For example, large (predatory fish) are regarded by hobbyists as requiring a diet of minimum 45% protein, 3-6% fat, and 2-4% fiber for optimal health. This is quite different from what a general community mix offers. This is why we are seeing more and more "specialist" diets (eg Hikari Massivore) as the fat content in regular food is too high..

Few true herbivores exist in the fish world (I believe more are saltwater) but I am sure they have their own set of needs..

A proper analysis of any food needs more in depth study than merely what you are seeing here.. One of the bonuses of creating a home made meal plan for the fish is that you have much better control over the numbers they are getting.. I do not know for betta splendens, if as insectivores they need high protein low fat or not.

If you are feeding fish with a live food/frozen diet, I would highly recommend purchasing a supplement such as Vita-Chem (which fish do absorb through the water). 

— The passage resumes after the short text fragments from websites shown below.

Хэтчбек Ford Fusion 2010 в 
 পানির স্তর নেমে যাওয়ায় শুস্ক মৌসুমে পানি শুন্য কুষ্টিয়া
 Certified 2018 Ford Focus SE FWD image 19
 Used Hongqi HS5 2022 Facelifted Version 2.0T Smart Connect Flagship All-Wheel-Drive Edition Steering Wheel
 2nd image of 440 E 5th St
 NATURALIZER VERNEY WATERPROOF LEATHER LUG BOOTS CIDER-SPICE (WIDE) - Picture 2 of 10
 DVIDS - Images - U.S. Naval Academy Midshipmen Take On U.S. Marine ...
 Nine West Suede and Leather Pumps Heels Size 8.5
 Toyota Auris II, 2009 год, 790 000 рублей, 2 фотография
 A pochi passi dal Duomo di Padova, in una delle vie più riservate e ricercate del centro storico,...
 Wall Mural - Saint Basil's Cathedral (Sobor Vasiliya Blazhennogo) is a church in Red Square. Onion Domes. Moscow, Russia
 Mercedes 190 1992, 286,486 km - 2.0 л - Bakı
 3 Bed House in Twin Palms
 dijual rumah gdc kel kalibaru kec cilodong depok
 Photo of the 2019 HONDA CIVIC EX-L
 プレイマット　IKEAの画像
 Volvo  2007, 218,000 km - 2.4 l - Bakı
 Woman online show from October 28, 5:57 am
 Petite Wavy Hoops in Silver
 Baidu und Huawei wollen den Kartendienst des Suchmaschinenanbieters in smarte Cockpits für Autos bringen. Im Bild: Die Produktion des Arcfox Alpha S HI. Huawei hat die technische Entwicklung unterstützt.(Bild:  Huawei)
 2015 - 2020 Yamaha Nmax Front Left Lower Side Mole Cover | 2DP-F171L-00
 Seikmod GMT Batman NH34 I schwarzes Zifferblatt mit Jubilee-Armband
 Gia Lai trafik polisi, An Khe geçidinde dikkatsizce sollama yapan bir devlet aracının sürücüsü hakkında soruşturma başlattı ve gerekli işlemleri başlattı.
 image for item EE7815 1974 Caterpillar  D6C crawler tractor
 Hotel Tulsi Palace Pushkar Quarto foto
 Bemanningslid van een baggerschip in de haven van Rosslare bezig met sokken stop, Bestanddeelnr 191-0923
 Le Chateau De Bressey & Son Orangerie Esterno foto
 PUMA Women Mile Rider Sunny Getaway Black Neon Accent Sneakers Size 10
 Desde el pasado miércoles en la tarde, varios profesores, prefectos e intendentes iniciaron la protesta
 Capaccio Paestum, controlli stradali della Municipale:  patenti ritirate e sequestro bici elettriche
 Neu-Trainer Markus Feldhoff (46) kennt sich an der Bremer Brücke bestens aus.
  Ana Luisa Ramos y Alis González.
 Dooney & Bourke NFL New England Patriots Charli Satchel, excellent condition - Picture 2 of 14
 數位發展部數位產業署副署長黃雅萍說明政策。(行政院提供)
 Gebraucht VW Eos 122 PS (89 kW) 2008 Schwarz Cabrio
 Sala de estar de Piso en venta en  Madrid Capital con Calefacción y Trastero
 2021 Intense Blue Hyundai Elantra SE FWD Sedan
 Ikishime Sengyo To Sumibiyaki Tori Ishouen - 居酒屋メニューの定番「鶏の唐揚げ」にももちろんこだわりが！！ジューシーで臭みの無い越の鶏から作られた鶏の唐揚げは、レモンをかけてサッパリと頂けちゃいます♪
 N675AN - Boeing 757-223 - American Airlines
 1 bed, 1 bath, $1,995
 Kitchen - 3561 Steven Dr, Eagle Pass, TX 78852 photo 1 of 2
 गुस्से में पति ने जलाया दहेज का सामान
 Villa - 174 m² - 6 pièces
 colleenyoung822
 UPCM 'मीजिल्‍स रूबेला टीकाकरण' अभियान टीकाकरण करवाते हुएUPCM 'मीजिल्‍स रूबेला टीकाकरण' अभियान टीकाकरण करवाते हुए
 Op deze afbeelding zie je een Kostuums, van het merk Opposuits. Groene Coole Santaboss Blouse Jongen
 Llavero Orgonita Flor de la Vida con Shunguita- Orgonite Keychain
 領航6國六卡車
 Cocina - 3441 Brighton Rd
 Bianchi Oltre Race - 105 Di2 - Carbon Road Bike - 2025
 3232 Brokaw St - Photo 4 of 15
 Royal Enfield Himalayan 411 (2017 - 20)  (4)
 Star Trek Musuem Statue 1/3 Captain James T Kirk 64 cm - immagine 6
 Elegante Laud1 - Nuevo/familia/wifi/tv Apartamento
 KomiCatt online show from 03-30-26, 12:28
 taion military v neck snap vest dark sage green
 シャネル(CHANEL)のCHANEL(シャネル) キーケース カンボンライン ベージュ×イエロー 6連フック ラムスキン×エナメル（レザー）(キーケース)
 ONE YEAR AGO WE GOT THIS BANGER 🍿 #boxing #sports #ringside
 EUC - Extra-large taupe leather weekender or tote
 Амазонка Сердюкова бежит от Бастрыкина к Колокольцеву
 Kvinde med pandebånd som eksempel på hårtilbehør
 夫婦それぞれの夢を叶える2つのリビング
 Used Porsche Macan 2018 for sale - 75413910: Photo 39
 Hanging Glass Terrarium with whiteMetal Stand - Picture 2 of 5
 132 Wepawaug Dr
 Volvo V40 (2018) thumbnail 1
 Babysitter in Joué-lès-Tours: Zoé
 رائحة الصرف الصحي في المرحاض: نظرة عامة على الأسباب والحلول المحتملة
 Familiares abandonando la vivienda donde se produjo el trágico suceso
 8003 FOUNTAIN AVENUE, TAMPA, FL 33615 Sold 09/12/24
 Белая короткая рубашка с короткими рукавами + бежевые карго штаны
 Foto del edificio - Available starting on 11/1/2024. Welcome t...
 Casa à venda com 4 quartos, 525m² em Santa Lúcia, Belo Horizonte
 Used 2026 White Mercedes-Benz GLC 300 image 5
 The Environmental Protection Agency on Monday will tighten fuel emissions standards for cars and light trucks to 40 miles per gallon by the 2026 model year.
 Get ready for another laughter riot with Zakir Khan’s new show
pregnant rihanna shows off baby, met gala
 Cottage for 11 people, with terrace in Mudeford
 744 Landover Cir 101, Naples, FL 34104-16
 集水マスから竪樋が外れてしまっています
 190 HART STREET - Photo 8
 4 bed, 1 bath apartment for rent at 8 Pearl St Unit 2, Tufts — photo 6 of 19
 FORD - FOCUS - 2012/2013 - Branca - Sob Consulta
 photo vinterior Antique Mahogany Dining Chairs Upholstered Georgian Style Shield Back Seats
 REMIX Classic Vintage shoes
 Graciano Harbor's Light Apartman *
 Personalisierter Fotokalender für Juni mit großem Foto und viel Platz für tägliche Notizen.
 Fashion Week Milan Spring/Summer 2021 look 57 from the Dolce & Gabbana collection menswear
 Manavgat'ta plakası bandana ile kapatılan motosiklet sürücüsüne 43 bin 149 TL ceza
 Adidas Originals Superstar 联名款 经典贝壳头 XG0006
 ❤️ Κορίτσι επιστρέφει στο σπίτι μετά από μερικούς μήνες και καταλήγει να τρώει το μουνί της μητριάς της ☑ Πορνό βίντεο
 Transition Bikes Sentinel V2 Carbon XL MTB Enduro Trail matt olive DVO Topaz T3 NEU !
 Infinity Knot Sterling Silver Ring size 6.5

As for the worm question, when I think of a bloodworm I think of a worm with a high water content inside it. If you've ever crushed one you would know they are little shells full of liquid basically. Mosquito larvae don't seem to have as much water inside it, which probably doesn't bloat up a fish as fast. (I do think the moisture listed on those cubes is for the whole cube which does have water around it)... 
I do believe the conditions the bugs are raised in is reason enough to choose mosquito as the better, but I know you are more concerned about betta splendens, where everyone idolizes mosquito and hates bloodworms.


And just for fun, have a look at a classic goldfish meal developed by a very knowledgeable goldfish enthusiast.. This sort of thing is nice too look at because you can see how much protein came from the fish vs the plant matter. As goldfish are omnivores, the protein level of "63%" seems a little shocking before splitting plant/animal protein.. 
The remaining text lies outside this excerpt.